Если же отбросить эти психологические мотивировки, то мы окажемся перед лицом определенной стратегии организации текста, которая лежит в области структурирования интертекстуальных связей фильма. Гриффит упорно отрицает всякую преемственность между театром и кино. В июне 1914 года в журнале «Театр» он заявляет: «Кино не может ничего позаимствовать у так называемой профессиональной сцены, потому что американские режиссеры и драматурги просто не могут ничего ему предложить» (Гедульд, 1971:32). В том же году в ответах Роберту Грау Гриффит вновь категорически отрицает продуктивность влияния театра на кино: «Сцена есть порождение веков, она основана на некоторых неизменных условиях и существует в предопределенных границах <...>. Кино, хотя и насчитывает лишь несколько лет, неограничено в сфере своего приложения, бесконечно в своих возможностях» (Гедульд, 1971:33). И далее Гриффит размышляет над тем, что станет с кино, когда оно полностью исчерпает мировой театральный репертуар. Именно это время представляется ему временем подлинного расцвета кинематографа. Таким образом, кинематограф, по Гриффиту, развивается в ситуации полного исчерпывания интертекстуальности
101
и одновременно абсолютного раскрепощения. «Бесконечность возможностей» приравнивается к преодолению театрального наследия. Гриффит систематически подчеркивает, что создаваемый им киноязык в каждом своем элементе есть отрицание языка театра. История кино становится историей эмансипации от влияния старших искусств (эта точка зрения до сих пор бытует в кинолитературе).
В то же время Гриффит все интенсивней осмысливает театр как воплощение какой-то странной кощунственной греховности — Вавилона, Содома и Гоморры. В своих поздних мемуарных текстах он гиперболизирует чувство стыда, испытанное им при вступлении на сцену: «Даже сейчас я ощущаю унижение этого часа... Я стыдился, что брошу тень на репутацию своего отца, если его друзья узнают, что я его сын... Я стыдился идти домой, мне было стыдно находиться на улице» (Мерритт, 1981:12).

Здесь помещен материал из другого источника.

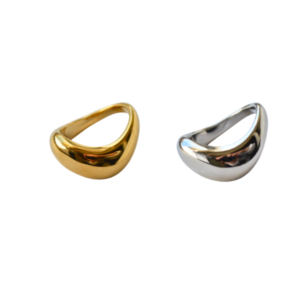anillo dome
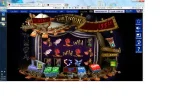 tycoon.webp tycoon.webp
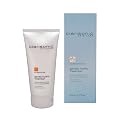 Clarisonic Gentle Hydro Cleanser, 6-Ounce Tube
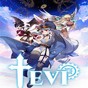 tlpro修改器漢化版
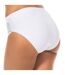 Milano Nadira high waisted microfibre panties for women 1030260-3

Этот мотив затем появится в браунинговском цикле Гриффита.
Таким образом, наиболее близкий и систематический источник заимствований подавляется Гриффитом с подчеркнутой агрессивностью. Одновременно осуществляется поиск «соперничающего источника вдохновения». На первом этапе в качестве такого источника им провозглашаются поэзия, слово. Обращение к литературе маскирует театральные истоки гриффитовского кинематографа. Эта маскировка возможна благодаря введению в систему интертекстуальности «третьего текста», интерпретанты, понимаемой в данном случае чрезвычайно широко — как целый вид художественного творчества, некий «суперархитекст». Выявление театральных источников, по существу, не обогащает семантику фильма Гриффита — театральный источник слишком близок к фильму, чтобы сопоставление с ним не породило тавтологии. Третий текст, «гиперинтерпретанта», не просто уводит фильм
102
от плоского удвоения, но придает ему смысловую глубину, необходимую для превращения его в «полноценное» произведение искусства. В таком контексте стратегия Гриффита может пониматься как стратегия, облегчающая зрительский поиск третьего текста. Гриффит — своими декларациями, критики — своей слепотой создают для зрителя дополнительные удобства в поисках углубляющего, а не уплощающего смысл интертекста. Камуфлирование эволюционной преемственности, таким образом, может пониматься как организация стратегии чтения текста. Этот момент особенно значим для нас, так как он позволяет соединить уровень чтения текста с механизмами эволюции кино.